Find every line below that contains the word "photo" and copy it out.
BEGIN Provided entries
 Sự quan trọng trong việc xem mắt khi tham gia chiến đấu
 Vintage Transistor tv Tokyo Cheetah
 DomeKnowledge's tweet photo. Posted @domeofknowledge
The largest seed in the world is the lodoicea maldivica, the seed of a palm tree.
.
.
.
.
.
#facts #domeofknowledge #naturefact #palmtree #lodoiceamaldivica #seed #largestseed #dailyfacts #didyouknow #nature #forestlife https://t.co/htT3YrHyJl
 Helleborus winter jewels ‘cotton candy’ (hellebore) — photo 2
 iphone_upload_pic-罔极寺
END Provided entries
BEGIN Provided entries
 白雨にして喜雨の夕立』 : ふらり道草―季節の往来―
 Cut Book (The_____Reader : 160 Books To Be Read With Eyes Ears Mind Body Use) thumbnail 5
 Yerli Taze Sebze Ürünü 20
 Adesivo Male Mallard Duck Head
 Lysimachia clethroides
END Provided entries
BEGIN Provided entries
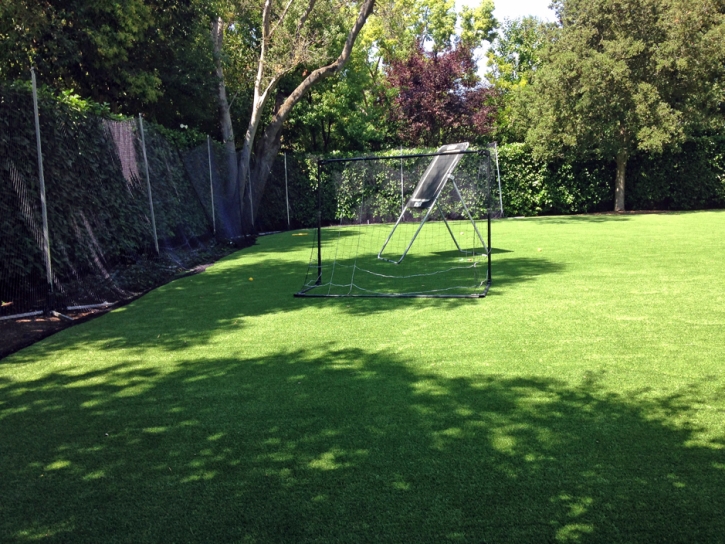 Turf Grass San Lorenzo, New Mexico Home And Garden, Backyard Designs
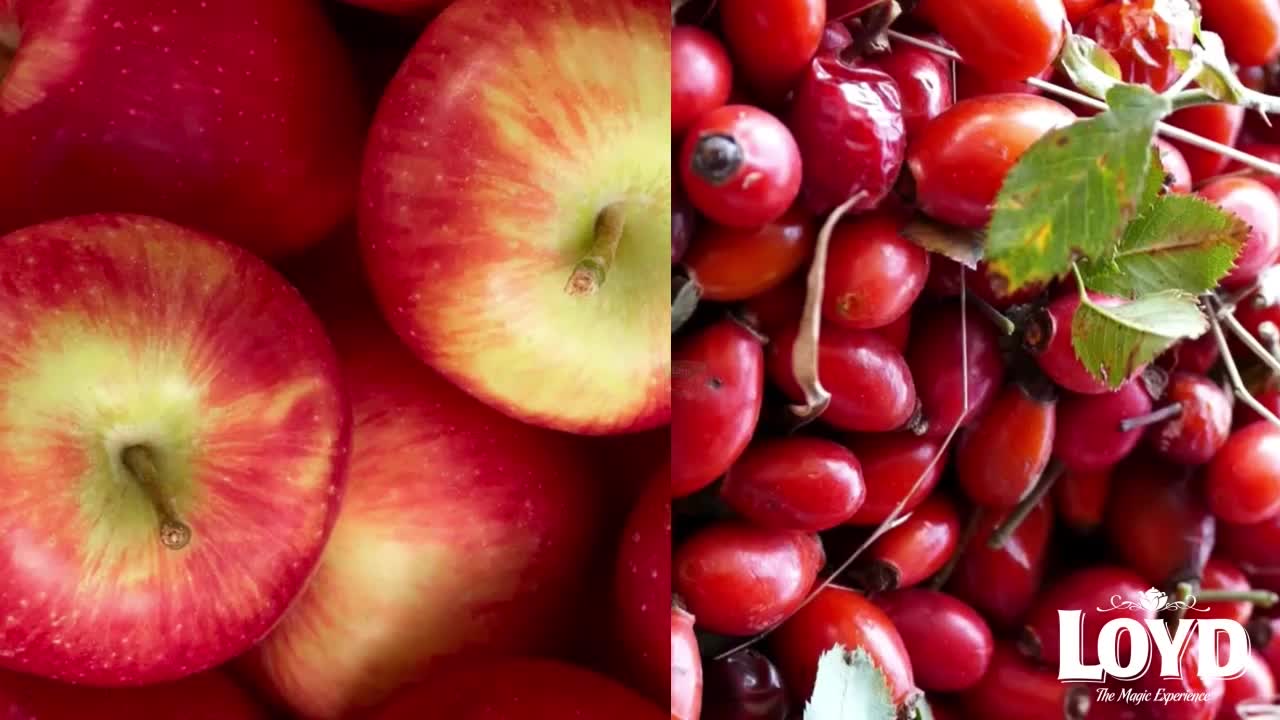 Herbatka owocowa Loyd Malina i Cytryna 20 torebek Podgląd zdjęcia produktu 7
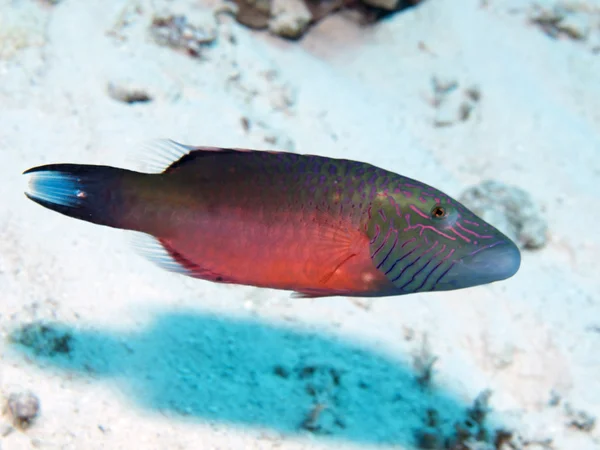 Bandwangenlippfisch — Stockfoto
END Provided entries
### Result of this exercise
 DomeKnowledge's tweet photo. Posted @domeofknowledge
 Helleborus winter jewels ‘cotton candy’ (hellebore) — photo 2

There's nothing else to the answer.